The Führerin paused. ‘As it happens I’ve just been invited to London next year by a very prestigious grouping. The Anglo-German Fellowship. Do you know it?’
Rupert was only too familiar with the doomed selection of the deluded and the desperate drawn from the ranks of the aristocracy and the far right who actively supported Hitler’s
territorial ambitions. It had been started by an associate of Clara Vine’s father and some of the early meetings had taken place in the Vine family home in Ponsonby Terrace.
‘There’s to be a dinner at Claridge’s. Lord David Douglas-Hamilton will be there. His wife is head of your Women’s League of Health and Beauty and, as it happens,
I’m due to welcome her shortly to Hamburg at the International Women’s Fitness Congress.’
Women’s Fitness? It seemed astonishing that at a time of grave political crisis such events could still be going on. The leader of Germany was attempting to annihilate Czechoslovakia and
his female equivalent was planning a fitness conference. For someone like Rupert, who lived in the drama of the moment, the idea that anyone should be occupying their mind with gymnastic routines
was inexplicable.
But then, glancing up at the poster,
Warriors on the Battlefield of Childbirth
, he realized that was the thing about the Nazi regime: every human activity from cradle to grave was
transformed into part of the Nazi struggle.

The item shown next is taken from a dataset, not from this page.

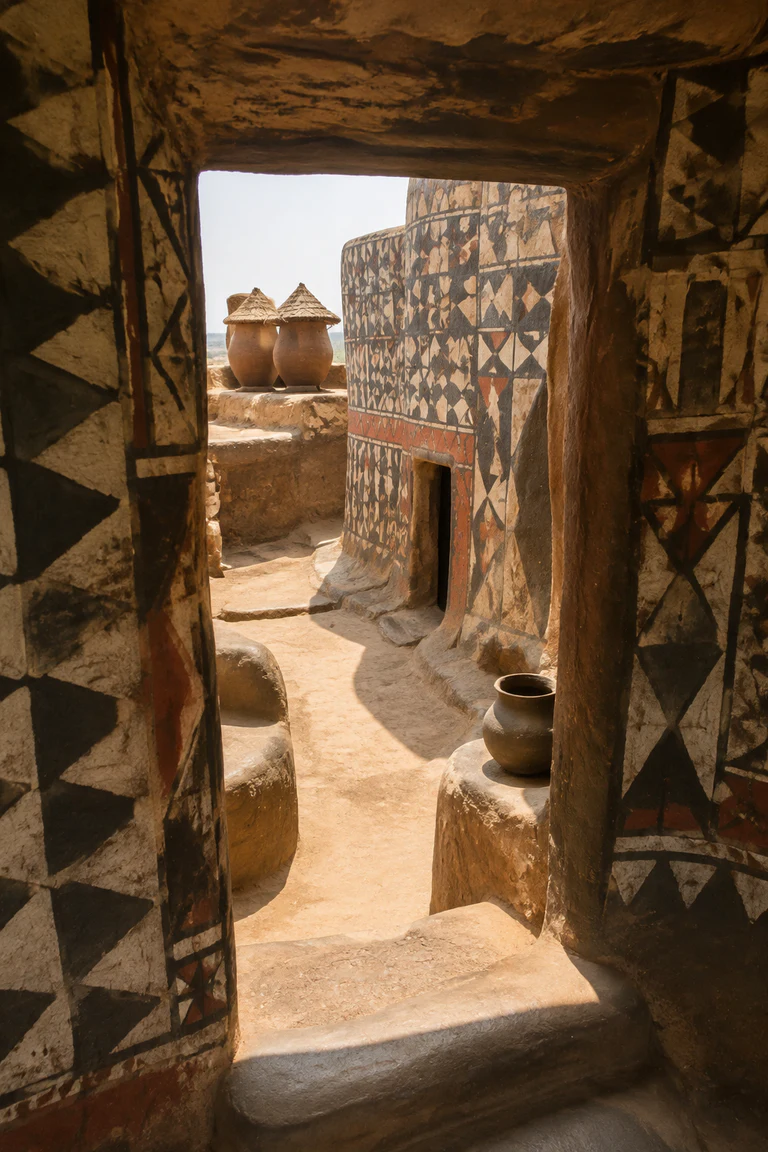 Photorealistic vertical room-to-courtyard view in a Kassena compound near Tiébélé with hand-burnished black, white, and russet geometric mural bands, a low sculpted doorway, roof-terrace edge, clay granaries, calabashes, and hard Sahel sunlight.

Every aspect of life would be approached with military precision. From what he had seen of the lines of BDM girls in their cotton shirts and navy shorts
practising synchronized gymnastics in the Tiergarten, even an apparently innocent enterprise such as women’s fitness would be carried out with the efficiency and ruthlessness of a Wehrmacht
manoeuvre.
A gawky, pale-faced girl carrying a stack of papers entered the room, then immediately attempted to back out again.

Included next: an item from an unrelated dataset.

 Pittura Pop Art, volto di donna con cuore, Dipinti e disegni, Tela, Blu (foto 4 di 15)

‘Stop! Rosa! Where have you been? Fetch coffee for Herr Allingham at once, please.’
Rupert watched with sympathy as the girl scurried away.
‘Now then . . . about that news. As it happens, the Führer is working on something very exciting. It’s been under wraps, but it’s felt that now is a useful time to reveal
it.’
At last. Rupert wondered how exciting the Führer’s new plan would turn out to be. Most of his recent innovations had involved the destruction of nation states.
‘It’s a Mother’s Cross,’ continued the Führerin. ‘To be given to kinderreich women with four or more children. Only live ones of course, and not defectives.
There will be three gradations. Bronze for four children, silver for six and gold for eight or more. In fact, I think there may be plans for a diamond cross, featuring genuine diamonds, for mothers
of twelve children. Anyone wearing a Mother’s Honour Cross must be saluted in the street and receive a range of deferences.’
‘Deferences?’
‘She must be given the best seat on the bus, for example, go to the front of the queue in a shop, have the best seats at the theatre and so on.’
‘Interesting idea.’
‘I’m glad you think so. It’s our women’s equivalent of the Iron Cross. It is to be awarded every year on 12th August, the birthday of the Führer’s mother.
Despite our excellent figures, we need to give women every encouragement we can to reproduce.’